The Evolution Of Automation Tools
• Kubernetes, described in the next chapter, provides a large set of tools that can be used to manage
containerized software deployments. Various additional tools and technologies have been created to control
network communication among containers.
• By default, Kubernetes assigns a unique IP address to each group of containers (called a pod). Doing so means
network forwarding can be arranged to allow containers in a group to communicate and run microservices, even
if the containers run on multiple servers.
• Docker software takes the approach of using a virtual layer 3 bridge to allow containers to communicate.
• Other tools are available that can configure an overlay network for containers such that each host has a separate
IP subnet and each container on a host has a unique address.

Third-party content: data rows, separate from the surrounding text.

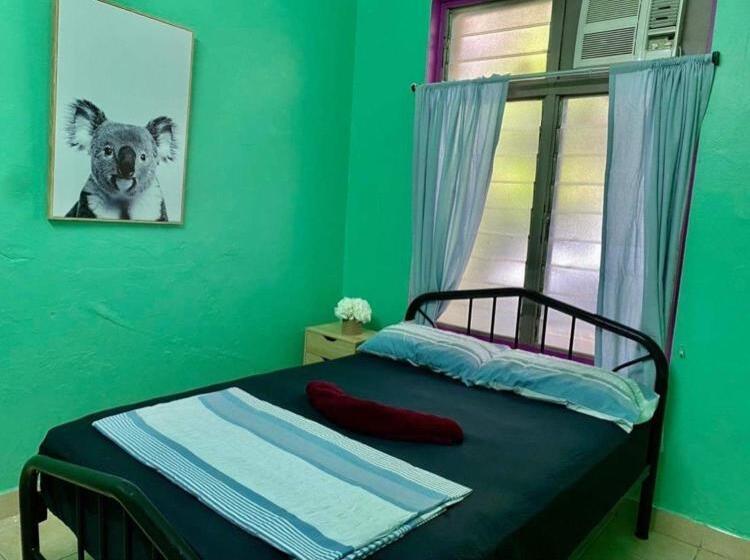 エコノミールーム, The Cozy Hostel   Motel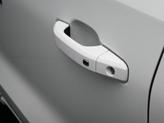Thumbnail of 2023 Summit White Chevrolet Colorado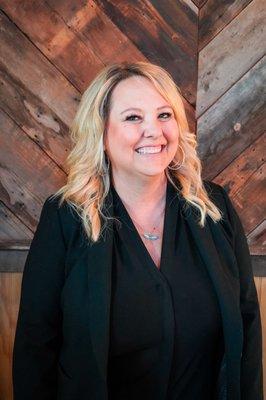 Brandy Chaffin
 Realtor/Owner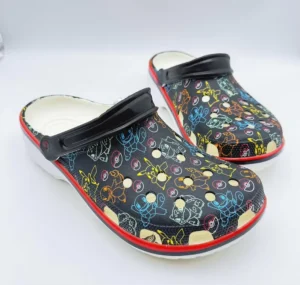 Summer Sandals Slides For Boys And Girls Odor Resistant Non Slip Beach Clogs
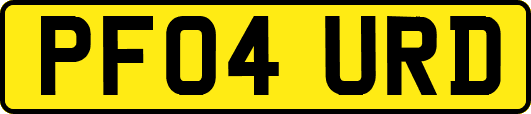 PF04URD
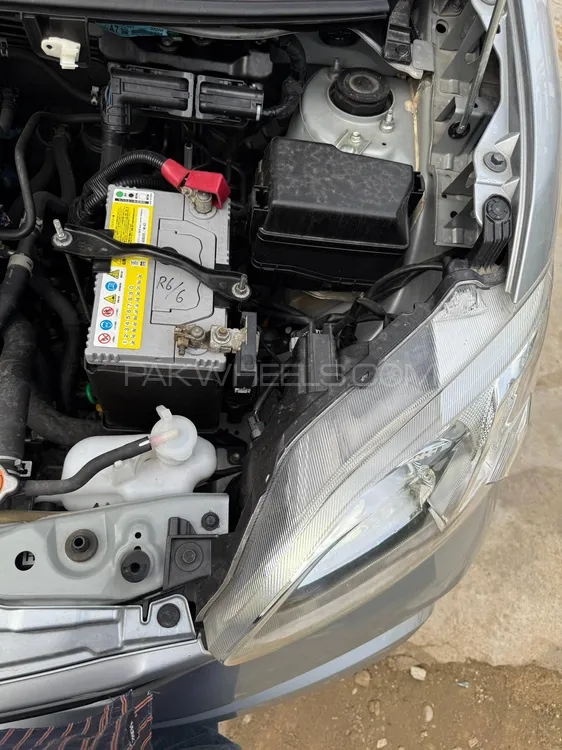 Toyota Passo 2022 for Sale in Karachi Toyota Passo 2022 for Sale in Karachi Image-12
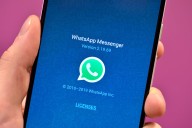 WhatsApp says Russia is trying to ban its service for 100 million people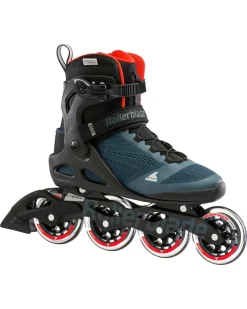Herren Inlineskates MACROBLADE 90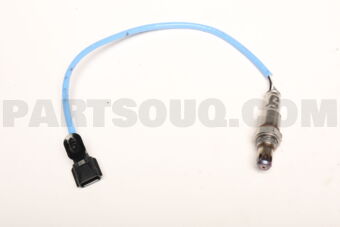Renault 8200461432 OXYGEN SENSOR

• Other tools are available to provide secure network communication for containers and microservices.
Summary
• The diversity of services, large scale, and constant change in a cloud data center mandate the use of automated
tools for the configuration and operation of hardware and software.
• Almost all operational tasks can be automated.
• Several models have been proposed to help identify levels of automation.
• Because operating a data center is complex, providers have multiple, conflicting goals.
• The first step toward automated configuration allows a human to specify configuration in a vendor-independent
form, and then uses a tool to read the specification and configure the underlying hardware and software systems
accordingly.
• An imperative specification follows a paradigm of early binding by specifying the operations and values to be
used for configuration. A declarative specification can help avoid ambiguities.
• An intent-based specification, which allows a human to specify the desired outcome without specifying how to
achieve the outcome, increases flexibility and generality.